Good night and good luck on Friday to all of you!!!!!


----------



## pmblair (Oct 27, 2010)

I am getting there, i only got in two months study time for structural depth, just had my first child 6 months ago.

.... but im starting to feel more comfortable.

I wish i had a few more days...and a few more codes specifically pci, and aashto,... but i think i will do a little more study am early tomorrow and then sit it down.

Good luck


----------



## civilized_naah (Oct 27, 2010)

pmblair said:


> ... but i think i will do a little more study am early tomorrow and then shit it down.


You want to edit that, or leave it as it is?


----------



## PEin2010 (Oct 27, 2010)

civilized_naah said:


> pmblair said:
> 
> 
> > ... but i think i will do a little more study am early tomorrow and then shit it down.
> ...


----------



## pmblair (Oct 28, 2010)

OMG i am so fried... thats it im done... calling it quits.....

Good luck

friday


----------



## maximus808 (Oct 28, 2010)

Hey guys, yep my studying is just about done. I packed up all my books and binders, straight edge, calculators, etc. I'll go over the NCEES check list again but tomorrow me and a couple of my co-workers who's taking the exam will visit the test site just to see what to expect. This is my second time taking it (transportation depth.) The first time, I came real close (got 52 points out of 80) I believe...the myth is 56 is passing. The first exam was definitely an eye opener in which I had to change my study methods and habits. I got more material and improved on all the areas I needed to. One thing I realized during the first exam was that a lot of passing this exam is how much you know, not where to look for the equations or sample problems. Although the exam will be different this time, I made sure I knew how to do all the problems I may have missed from the first exam.
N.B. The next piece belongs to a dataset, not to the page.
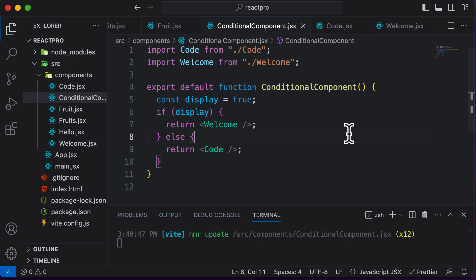In this particular lecture, let's learn how we could conditionally render components using element variables.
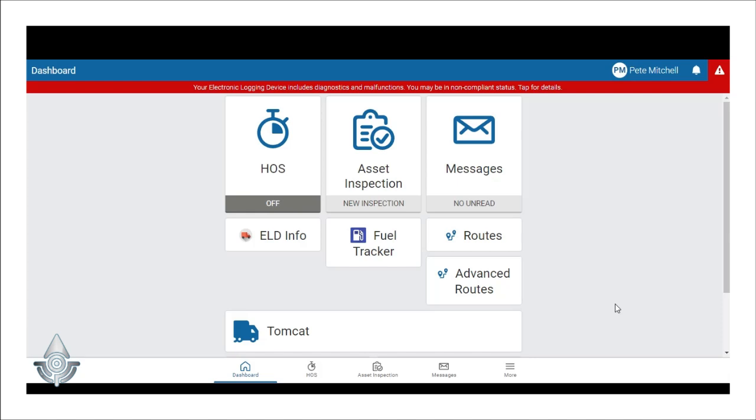Once a driver is logged into the app, if they see a red bar across the top of their dashboard with a message about diagnostics and malfunctions, that is their warning that there is something going on.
So hopefully we all can get past this mystical passing score of 56, 57, 54, or whatever it is  Good luck guys.


----------



## sac_engineer (Oct 28, 2010)

maximus808 said:


> Hey guys, yep my studying is just about done. I packed up all my books and binders, straight edge, calculators, etc. I'll go over the NCEES check list again but tomorrow me and a couple of my co-workers who's taking the exam will visit the test site just to see what to expect. This is my second time taking it (transportation depth.) The first time, I came real close (got 52 points out of 80) I believe...the myth is 56 is passing. The first exam was definitely an eye opener in which I had to change my study methods and habits. I got more material and improved on all the areas I needed to. One thing I realized during the first exam was that a lot of passing this exam is how much you know, not where to look for the equations or sample problems. Although the exam will be different this time, I made sure I knew how to do all the problems I may have missed from the first exam. So hopefully we all can get past this mystical passing score of 56, 57, 54, or whatever it is  Good luck guys.



Good job maximus. Glad you realized that there are not shortcuts in passing the exam. It is indeed what you know and how to properly solve the problem rather than just plugging numbers in an equation. Your confidence in knowing the material will outweigh any anxieties especially while you're breezing through the exam.

Good luck!


----------



## maximus808 (Oct 28, 2010)

thanks Sac! Today is the relaxing day. Maybe go to the beach and simply do things other than exam related  Good luck to you all!


----------